L’affaire des sondages de l’Élysée sous le mandat de Nicolas Sarkozy n’avait ainsi pu démarrer qu’au terme d’un bras-de-fer procédural. Avec un budget limité de 100 000 euros par an, la modeste association aux 2 000 adhérents cible ses combats : « il s’agit de dossiers exemplaires qui permettent de décliner un propos éthique. Il faut aussi qu’ils révèlent des dysfonctionnements judiciaires ou qu’ils soient tellement conséquents qu’ils requièrent une force d’appoint », explique l’avocat.
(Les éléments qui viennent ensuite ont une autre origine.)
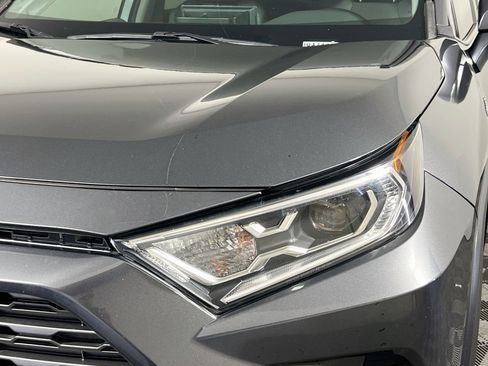 Used 2021 Toyota RAV4 Limited AWD/4WD image 11
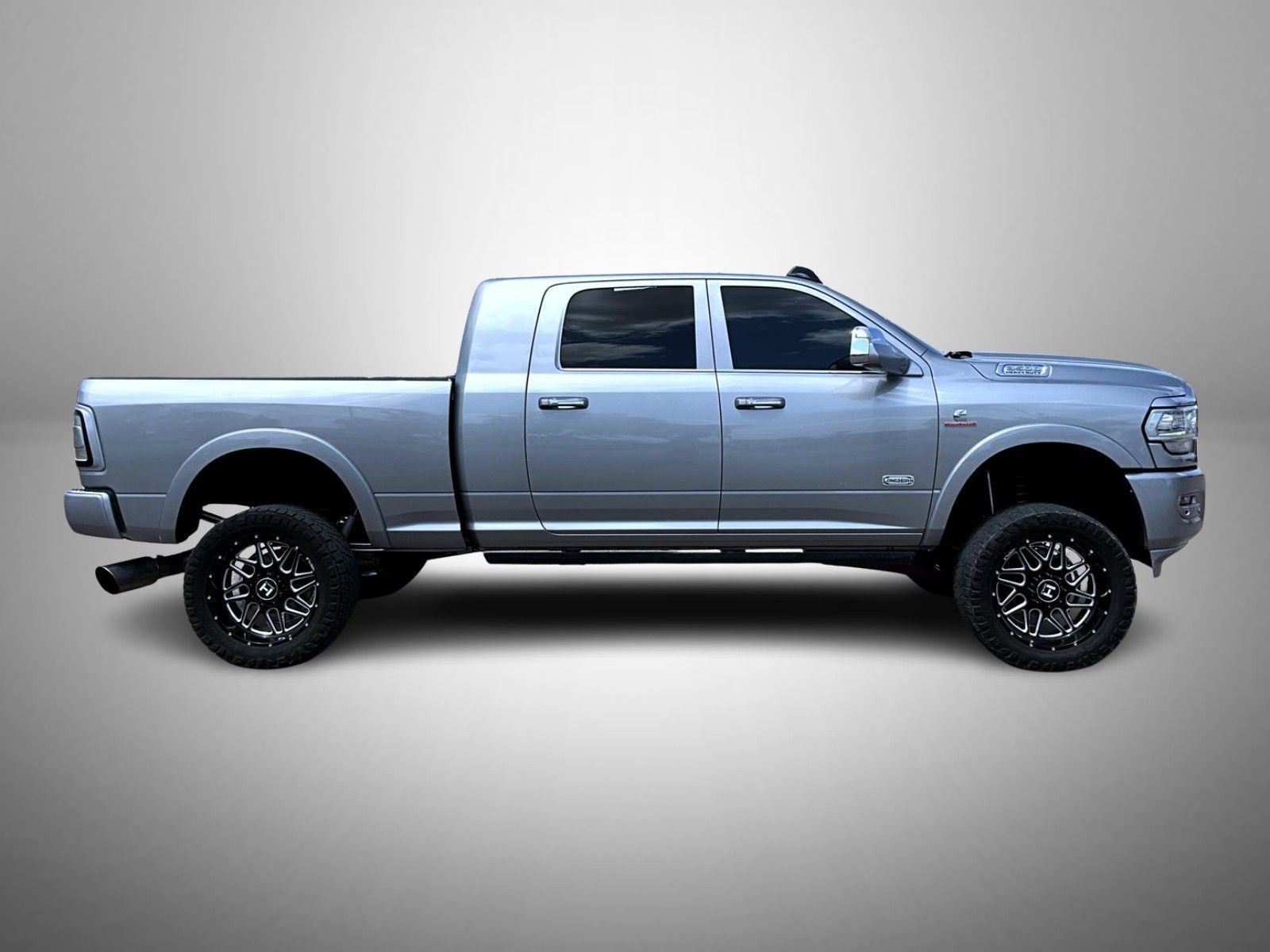2022 Ram 3500 Laramie Longhorn photo 4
En 2011, elle avait porté seule la contradiction au procès historique de Jacques Chirac et des emplois fictifs de la mairie de la Paris, avant que sa plainte ne soit déclarée irrecevable.

Elle intervient aujourd’hui dans le « Kazakhgate » et l’enquête sur les cagnottes de sénateurs UMP. Mais pourrait être écartée de l’affaire Bygmalion par une décision judiciaire attendue dans quelques jours. Ses adversaires l’ont parfois soupçonnée de mener un combat partisan, surtout contre la droite. Dans les sondages de l’Élysée, elle avait été accusée indirectement d’avoir profité d’une supposée influence de l’ex-ministre de la Justice Christiane Taubira parce cette dernière avait appartenu au comité de parrainage d’Anticor. Un rôle honorifique, s’était défendue l’association. « On n’est tendre avec personne », affirme Jean-Christophe Picard. « Le procès de l’ex-député corse divers gauche Paul Giacobbi est celui qui nous a coûté le plus cher ».